In the days after the G20 Hamburg summit, the revision began, what caused the riots, how they could have been prevented, and who is the one to blame. There are some heated talks between the parties, especially the at the moment governing parties CDU and SPD. These discussions could influence the outcome of the German federal election on September 24. After some more or less unanimously time of coalition, the front lines now begin to harden, just in time for the beginning election campaign.
The opinions by politicians throughout the parties are quite opposite. The state of Hamburg is governed by a red-green coalition, by the Social Democratic Party (SPD) and a green party (Die Grünen). Members of CDU, the Christian Democratic Union, blame the Hamburg Senate, that does not take the matter of leftist extremism serious. Federal Interior Minister Thomas de Maizière considers the events of the weekend as “turning point in looking at left-wing extremist scene”. CDU politician Jens Spahn even accuses parts of the SPD of “being blind on their left eye”. “Being left” is attached with a negative meaning since the weekend, the SPD as a tending to be left party, has to defend itself by judging the violent protestors, even when there is no relation between them. The call for more internal security gets louder these days, and the voters do not trust the social democrats in this topic.

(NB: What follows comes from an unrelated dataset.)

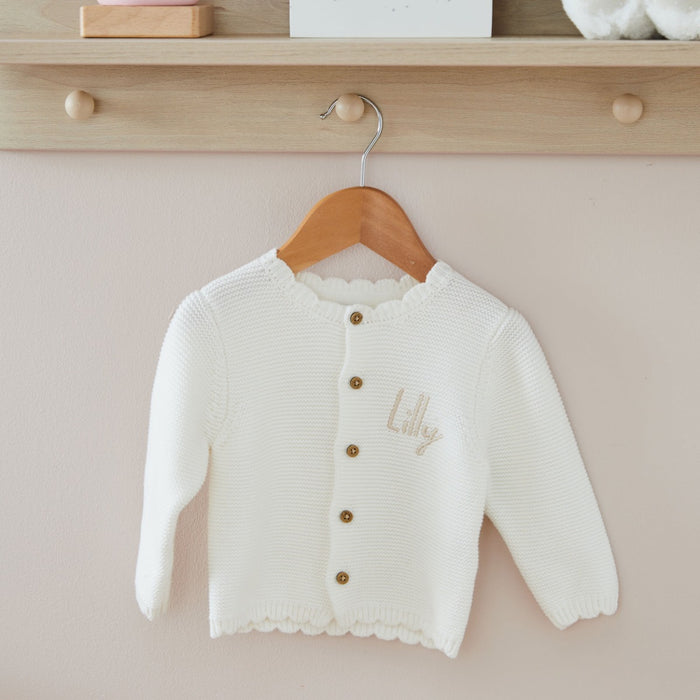 Personalised White Front Name Cardigan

Meanwhile, Chancellor Angela Merkel is in the center of accusations by Vice Chancellor and Foreign Minister Sigmar Gabriel by the SPD. According to him, Merkel is the one to blame for the chaotic scenes in the streets of Hamburg, since she decided to host the G20 summit in a city, where the extreme left-wing scene has a strong community. Olaf Scholz, the SPD mayor of Hamburg is criticized by politicians and the Hamburg citizens equally, for underestimating the possible damages by the protests in the weeks before the summit, but Merkel should also be made responsible. Defending himself against the accusations of metaphorical standing close to the protestors, Gabriel answered, that the demonstrators did not follow political goals, but rather are “dangerous criminals, maybe even terrorists”.
The G20 summit unofficially marks the begin of the election campaign, so it is obvious that the opinions of the two major parties tend to separate. But with the attack on chancellor Merkel by Sigmar Gabriel, it will be difficult for the two parties to continue their work for the next two months. For the SPD the likelihood of winning the election is very low, so they have to fight for another coalition with the CDU, to maintain their government function. With the growing conflict, this option seems to get out of reach.

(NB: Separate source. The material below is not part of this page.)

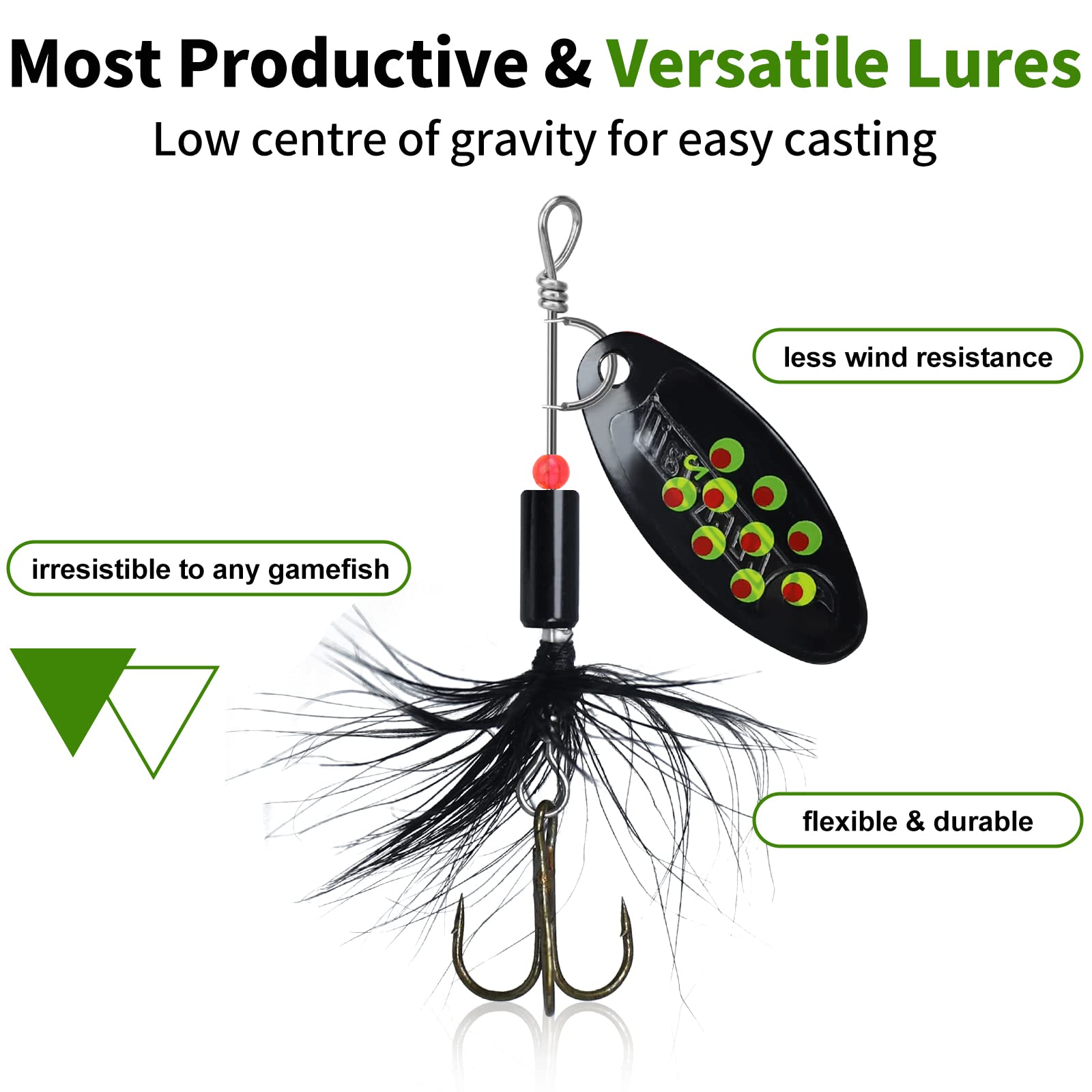 TRUSCEND Well-Made Rooster Tail Fishing Lures with Flash Copper Body and Blade, Two-Way Spinning Spoons System Fishing Spinners for Jigging, Freshwater Crappie Jigs, Blade Bait for Bass Trout Walleye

In the weeks before the G20 summit, Angela Merkel hoped to send out a positive image for the upcoming German federal election in September. She did not succeed with this tactics, the pictures of rioting extremists dominated the media. But those riots, and the discussions they started, could still help her. Not by succeeding with her own political agenda and goals, but by the negative consequences this summit caused to the SPD.